Millions of people, the Pope says, are killed every year by air pollution.  The seas are in danger of a mass die-off of marine life because of acidification.  An ecology is a dense network of inter-relationships, he underlines.  Trying to address one problem (e.g. transportation emissions) may only create others if a broad, holistic approach is not taken.  Electric cars, e.g., are only able to substantially reduce emissions if the power plants that provide their electricity are not run on coal.

“A very solid scientific consensus indicates that we are presently witnessing a disturbing warming of the climatic system. In recent decades this warming has been accompanied by a constant rise in the sea level and, it would appear, by an increase of extreme weather events, even if a scientifically determinable cause cannot be assigned to each particular phenomenon.

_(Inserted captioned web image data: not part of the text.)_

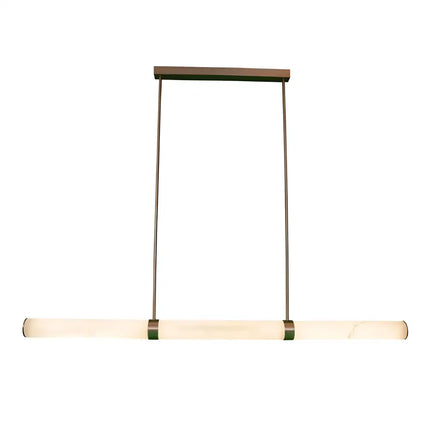 Modern pendant light with spanish marble alabaster shade antique bronze finish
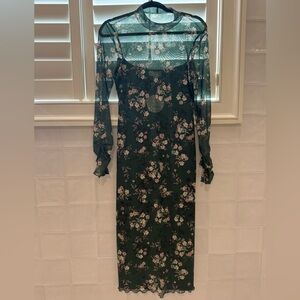 NWT! Lost + Wander Green Floral Annabel Rose Midi Dress - sz Medium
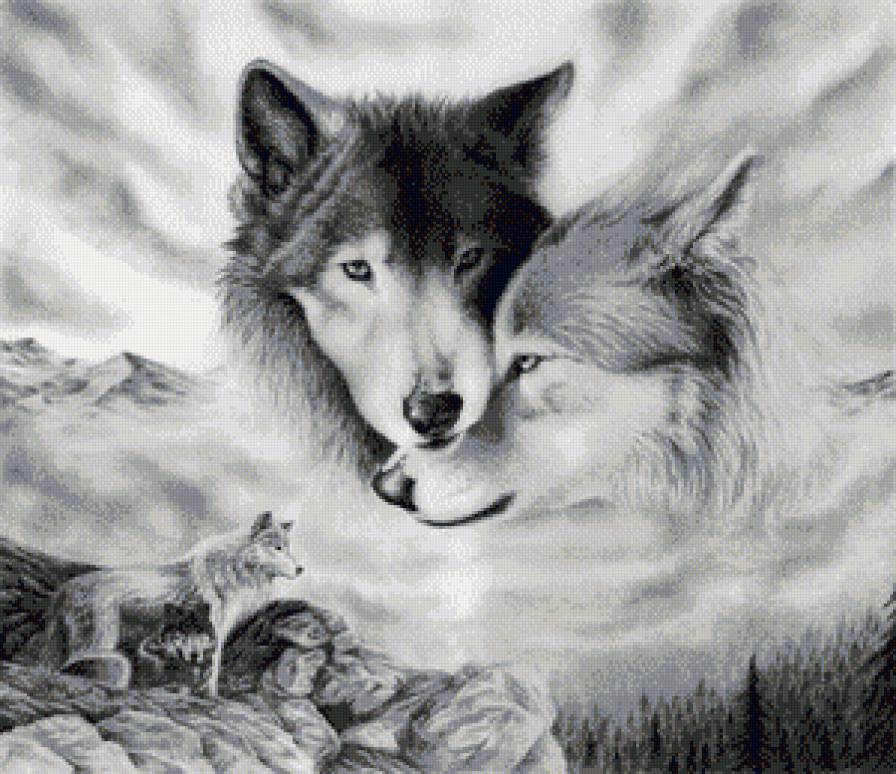 волки пара монохром - чорнобелое, волки, стая, волк, монохром, луна - предпросмотр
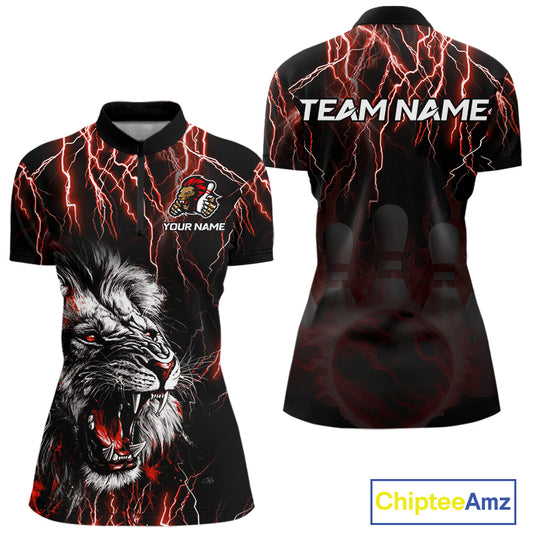 Black and Red Lightning Thunder Lion Bowling Shirt For Women Custom Lion Bowling Team Jerseys NQS11046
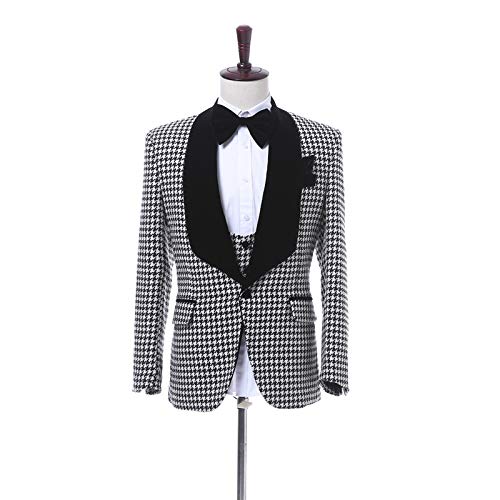 Houndstooth Velvet Lapel Men Suits - Premium 3 Pieces Grid Plaid Slim Fit Check Tuxedo Black Velvet Shawl Lapel Wedding Suits #TOP1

Humanity is called to recognize the need for changes of lifestyle, production and consumption, in order to combat this warming or at least the human causes which produce or aggravate it.”

Pope Francis notes the near unanimity of scientists on the danger of human-made climate change.  Extreme weather and sea level rise are among the dangers.  We have to stop emitting so much carbon dioxide, and that will require changes in our styles of life.

But above all it will require a conscience and dedication and solidarity.

Trump is a little unlikely to get it.  But the point of publicly bestowing on him this gift is that the Pope hopes the rest of us will.